TricycloDNA-modified oligo-2'-deoxyribonucleotides reduce scavenger receptor B1 mRNA in hepatic and extra-hepatic tissues--a comparative study of oligonucleotide length, design and chemistry.

ABSTRACT

We report the evaluation of 20-, 18-, 16- and 14-mer phosphorothioate (PS)-modified tricycloDNA (tcDNA) gapmer antisense oligonucleotides (ASOs) in T(m), cell culture and animal experiments and compare them to their gap-matched 20-mer 2'-O-methoxyethyl (MOE) and 14-mer 2',4'-constrained ethyl (cEt) counterparts.

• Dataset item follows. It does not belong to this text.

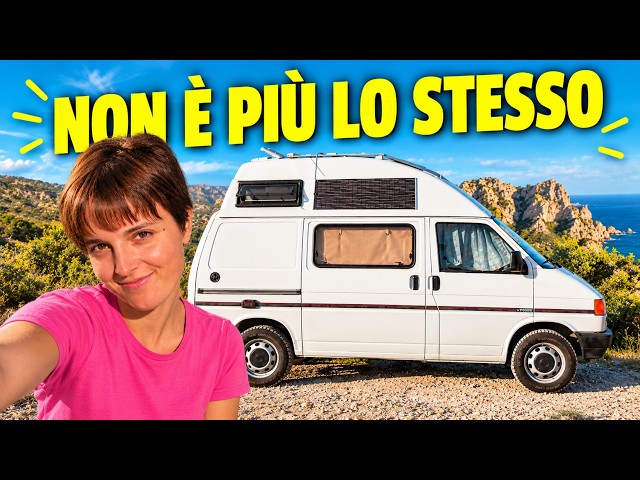 Tutta la nostra camperizzazione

The sequence-matched 20-mer tcDNA and MOE ASOs showed similar T(m) and activity in cell culture under free-uptake and cationic lipid-mediated transfection conditions, while the 18-, 16- and 14-mer tcDNA ASOs were moderate to significantly less active. These observations were recapitulated in the animal experiments where the 20-mer tcDNA ASO formulated in saline showed excellent activity (ED(50) 3.9 mg/kg) for reducing SR-B1 mRNA in liver. The tcDNA 20-mer ASO also showed better activity than the MOE 20-mer in several extra-hepatic tissues such as kidney, heart, diaphragm, lung, fat, gastrocnemius and quadriceps. Interestingly, the 14-mer cEt ASO showed the best activity in the animal experiments despite significantly lower T(m) and 5-fold reduced activity in cell culture relative to the 20-mer tcDNA and MOE-modified ASOs. Our experiments establish tcDNA as a useful modification for antisense therapeutics and highlight the role of chemical modifications in influencing ASO pharmacology and pharmacokinetic properties in animals.